05What about wheel and rear-end compatibility?
This is one of the biggest practical differences. The Insurgent uses Super Boost 157 mm rear spacing, which Evil chose for stiffness. It does work — but it locks you out of swapping in wheels from most other modern trail bikes, and reviewers have called it 'a bit annoying' for finding replacements.
The Offering V4 moved to standard Boost 148 mm in this generation. That's a meaningful upgrade for long-term ownership: any modern trail wheelset will fit, and replacement axles, hubs, and frame parts are easier to source.
06Which has the better stock brakes?
The Offering V4 by a clear margin. The Eagle 90 build ships with SRAM Maven Silver — Evil's reviewer called them 'hard to go wrong with,' and the Maven family has been broadly praised as some of the most powerful brakes on the market.
The Insurgent's stock brakes are SRAM's older-generation stoppers (G2 RS on the build Freehub tested), and reviewers consistently flag them as a likely upgrade for aggressive or heavier riders. If you go Insurgent, budget for a brake swap.
07Does the Offering have frame storage? Does the Insurgent?
Offering V4: yes. It's a new feature for V4 — a downtube hatch sized for tools, a tube, and snacks. The reviewer noted the latch motion takes a little practice but the door has stayed secure in testing.
Insurgent LS: no. The Insurgent is the older platform here, and Evil hasn't retrofitted frame storage to it. If you ride long, self-supported days where pack-free is the goal, that's a real consideration.
08Which is more expensive, and is it worth it?
The Offering V4 is $500 more ($6,699 vs. $6,199 across the lineup). What you get for the extra: standard Boost 148 spacing, frame storage, a refined sag meter and flip chip, Maven Silver brakes on the entry build, and a newer-generation frame design overall.
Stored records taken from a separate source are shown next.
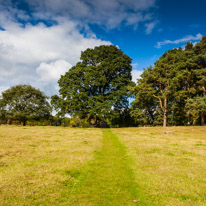 Henley -on-Thames - 09 October 2016 / Greys Court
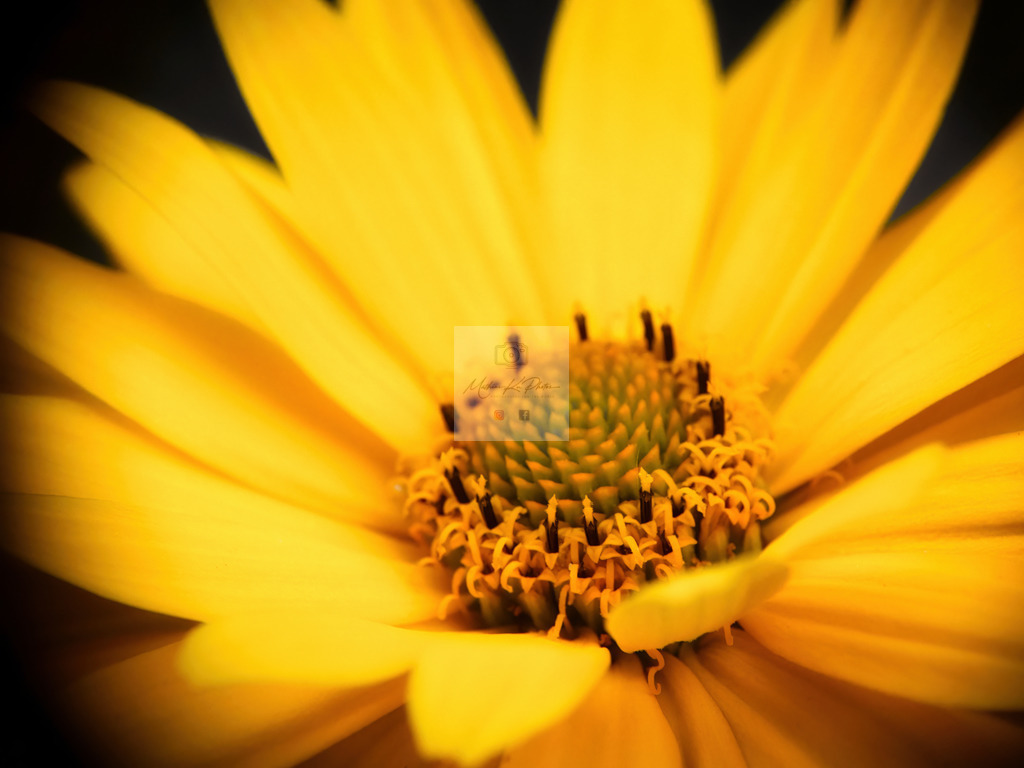 Makro - floral (77) | Buche Fotoshootings und entdecke hochwertige Fotoprodukte bei Mathias Ku Photos. Personalisiert, kreativ & mit Liebe zum Detail. Jetzt informieren! - Realisiert mit Pictrs.com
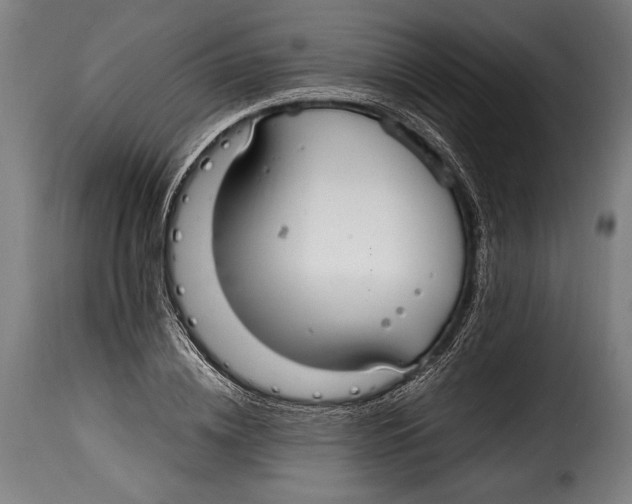 X0000115020836200911231248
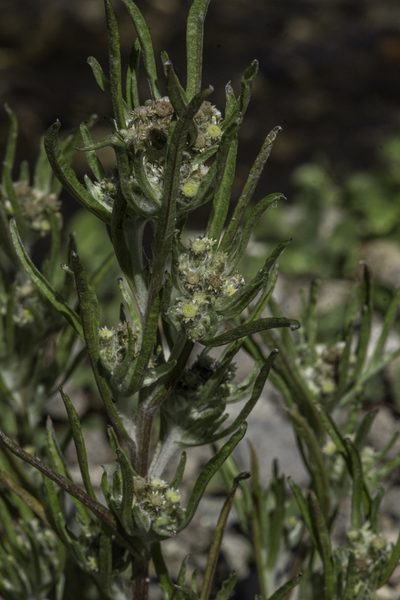 Gnaphalium exilifolium, photographed by Craig Martin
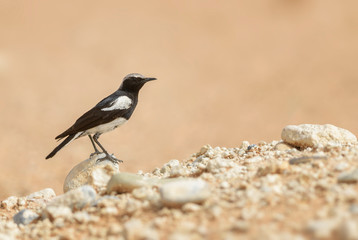 Mountain Chat - Myrmecocichla monticola, beautiful perching bird from southern African gardens and bushes, Sossusvlei, Namibia.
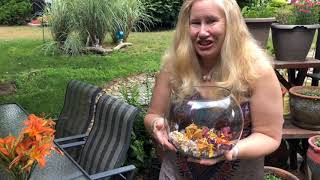 Oven Dried Flowers with Laura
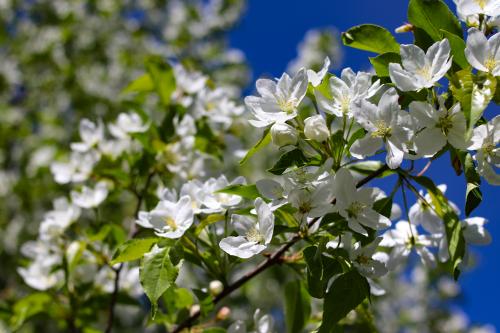 ����� ����� 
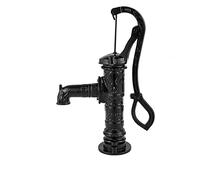 Pompe à eau de fer antique Pigion pichet de pompe en fonte for les étangs de jardinage de jardin de jardin de jardin bien ornement décoration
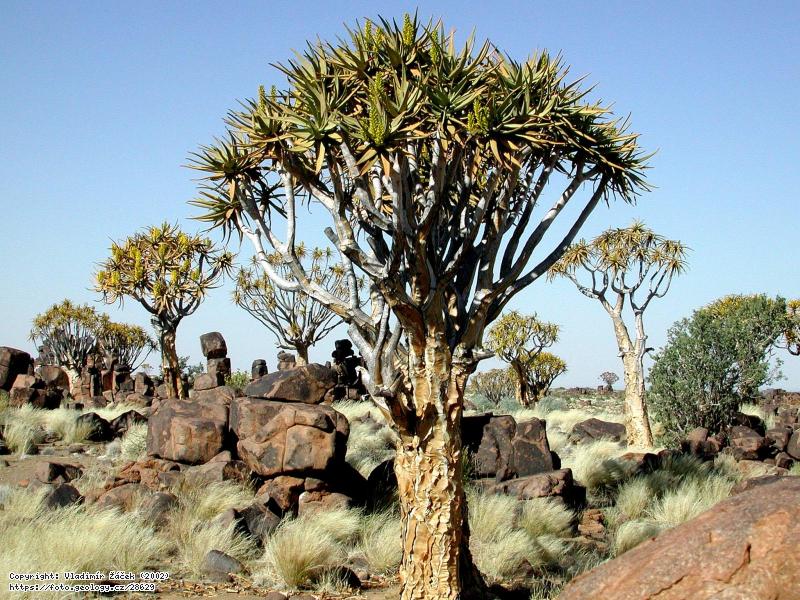 Fotografie Kokerboom: Endemitn� aloe rozsochat� u Keetsmanshoopu v Nam�bii, 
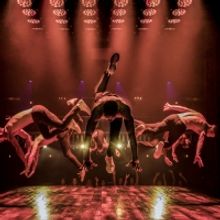 MAGIC MIKE LIVE is Back at SAHARA Las Vegas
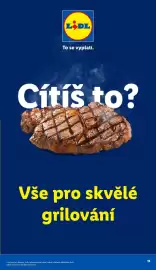 Lidl leták Strana 13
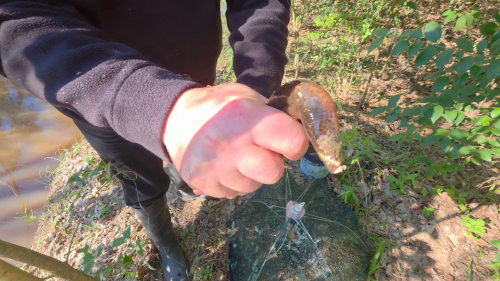 Pesca-y-carne-asada-en-el-puente-viejo-de-la-ruta-14-Entre-Rios-41.png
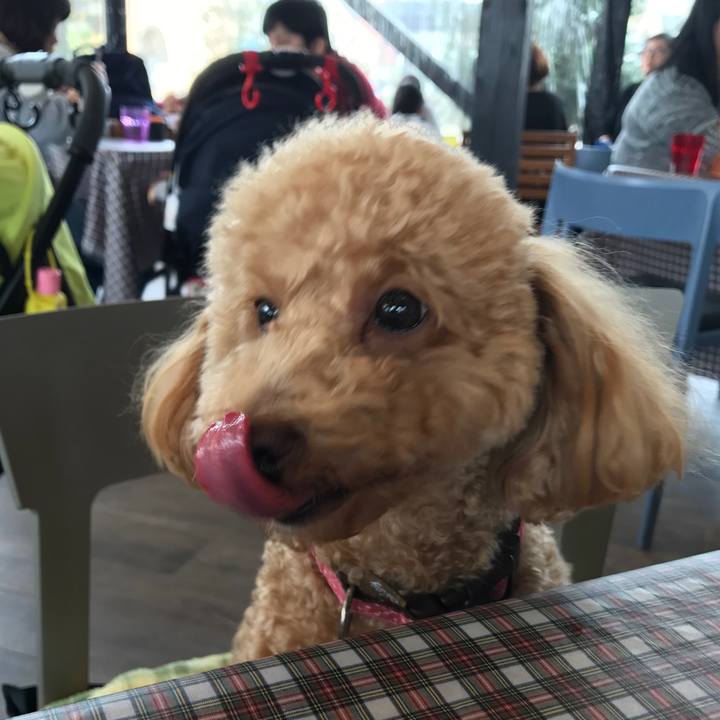 C799ade8 b80a 476c 827b 92bc97b6ea2d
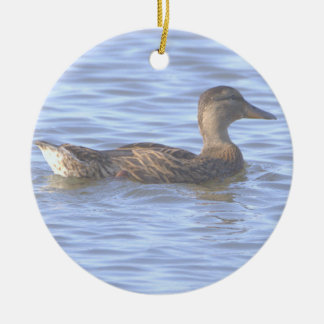 Enfeite de Foto de Pato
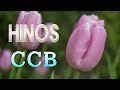 Hinos CCB🍀Coleção Das Canções Mais Surpreendentes das mais Belas Melodias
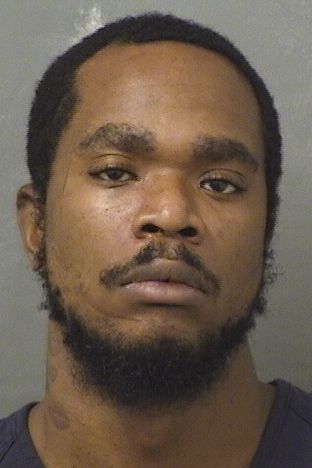  ANDREW L BRINKLEY Resultados de la busqueda para Palm Beach County Florida para  ANDREW L BRINKLEY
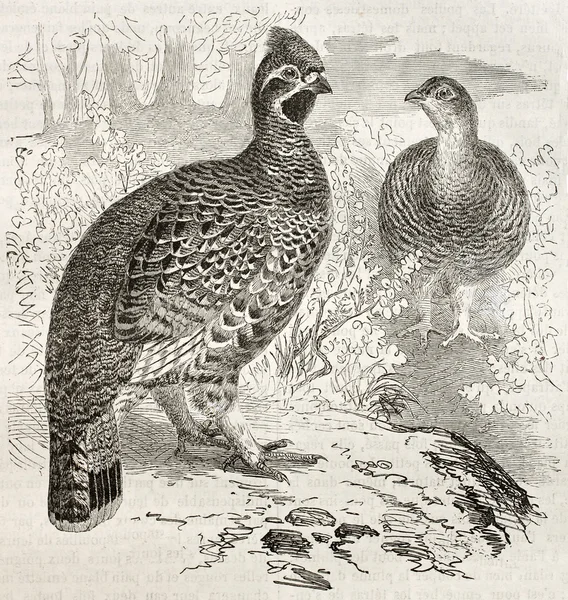 Hazel Grouse — Stock Photo, Image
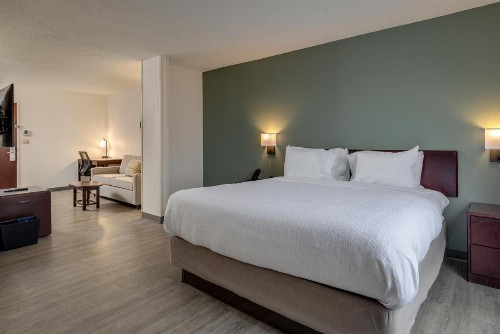 SpringHill Suites by Marriott Lawton - image 48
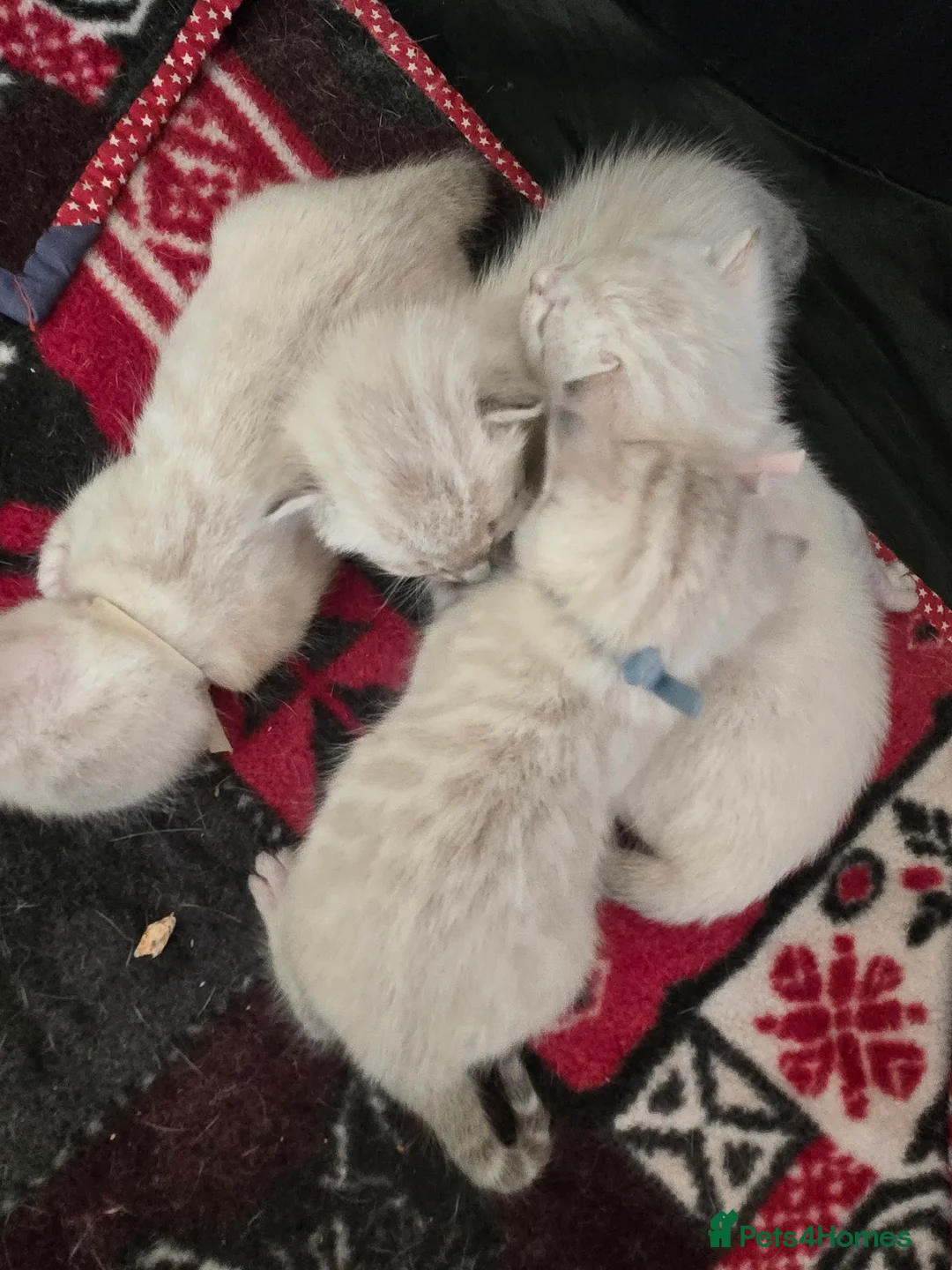 Bengal cats for sale: 🌟 Stunning pure bengal snow kittens 🎉 - Advert 2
What the Insurgent gives you for less: more travel front and rear, and a coil shock from the lowest build up. If your priority is downhill capability, the Insurgent is the better dollar-per-millimeter buy. If your priority is a modern, easy-to-live-with trail bike, the Offering's $500 premium is mostly going to genuine refinement.
Similar bikes
If your priorities don’t map cleanly onto either of these, one of these adjacent bikes probably fits better.

Wreckoning
If you love the Insurgent's plush feel but want a full 29er enduro monster — 170 mm rear, no mullet compromise, more outright plow.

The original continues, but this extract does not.